Solvinity beheert onder meer DigiD-diensten en de sinds 2022 samenhangende dienstverlening Jubit3 (Justitie Beveiligde Internet Toegang). Het bedrijf verzorgt beveiligde verbindingen tussen interne en externe systemen, monitort e-mailverkeer van ministeries, fungeert als schakel tussen justitiële organisaties (bijvoorbeeld via Bestandenpostbus) en onderhoudt koppelingen met Amerikaanse cloudleveranciers als Microsoft, Google en Amazon. Daarnaast host Solvinity zelf data op eigen servers. Daardoor rijst de vraag welke informatie lokaal staat, welke via Amerikaanse clouds loopt en hoe gevoelig die bestanden zijn — sommige kunnen tot staatsgeheimen behoren en mogen volgens regels niet in de cloud staan.
De zorg is tweeledig: enerzijds de juridische reikwijdte van Amerikaanse wetten (zoals de wetgeving die Amerikaanse bedrijven kan verplichten data af te staan, ook als die buiten de VS is opgeslagen), en anderzijds het strategische risico dat een buitenlandse eigenaar dienstverlening kan beperken of stoppen als politieke druk of veiligheids belangen meebrengen. Experts wijzen erop dat Solvinity technisch gezien toegang heeft tot veel intern justitieverkeer, inclusief e-mails en metadata; die controle over netwerkverkeer maakt het bedrijf tot een “spin in het web” binnen de digitale infrastructuur van de rechtspraak en JenV.

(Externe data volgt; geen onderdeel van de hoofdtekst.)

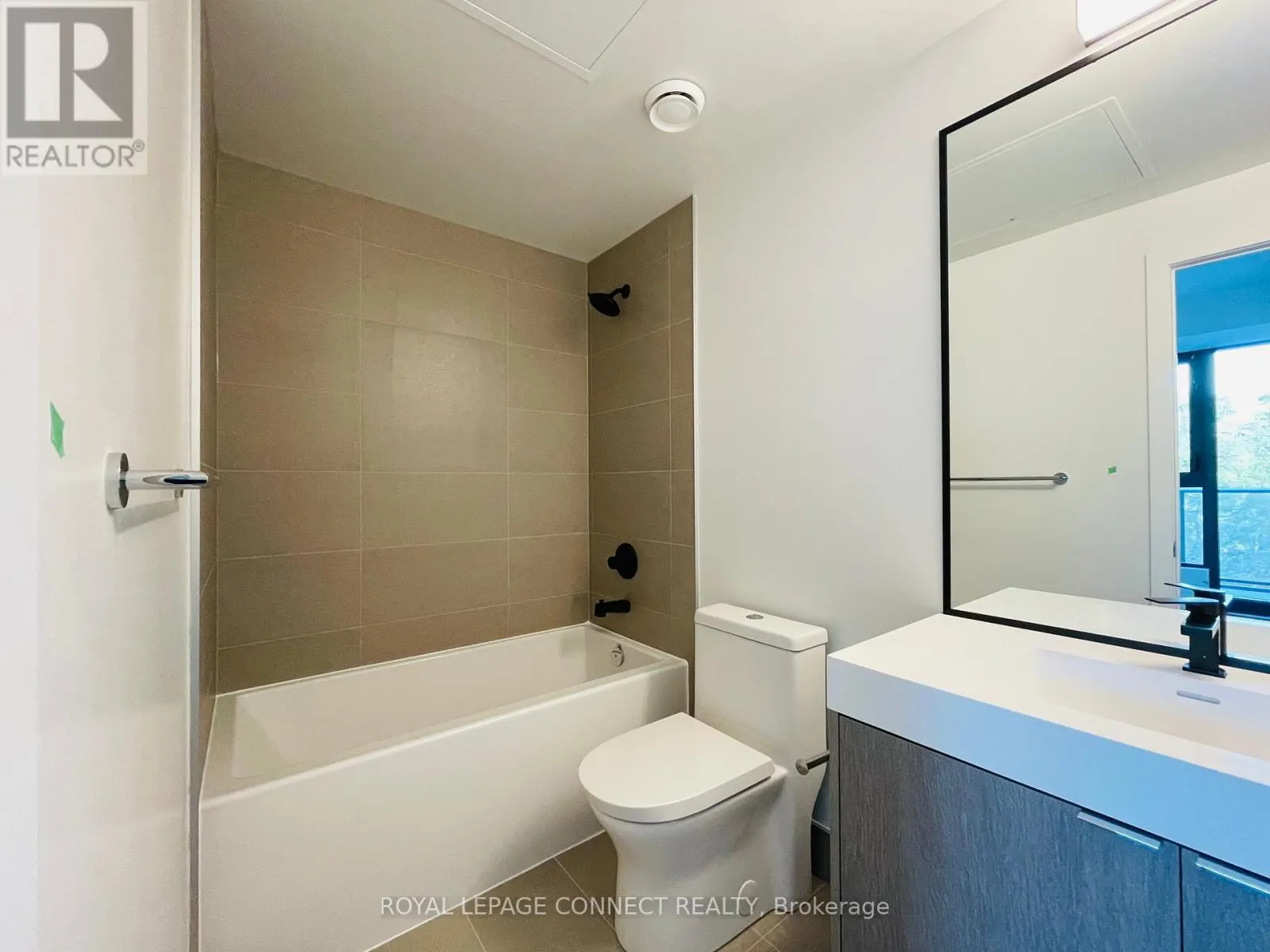 504 - 250 LAWRENCE AVENUE W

Politiek en bestuurlijk bestaat verdeeldheid en onduidelijkheid. Demissionair minister Frank Rijkaart noemde de overname zorgwekkend en kondigde nader onderzoek aan; staatssecretaris Eddie van Marum liet weten dat het kabinet zich beraden wil. De Raad voor de rechtspraak reageerde terughoudend en verwees naar het ministerie, terwijl JenV en het ministerie van Economische Zaken en Klimaat (EZK) grotendeels zwijgen of zeggen geen tijd te hebben gehad om inhoudelijk te antwoorden. Of Kyndryl verplicht was de transactie te melden bij het Bureau Toetsing Investeringen (BTI) onder de Wet veiligheidstoets investeringen, fusies en overnames (Wet Vifo) is onduidelijk; EZK wil hierover niets zeggen maar Kyndryl bevestigt een melding te hebben gedaan. Eerdere voorbeelden — zoals de overname van Zivver door het Amerikaanse Kiteworks — illustreren dat meldings- en toetsingsprocedures niet altijd effectief of transparant blijken.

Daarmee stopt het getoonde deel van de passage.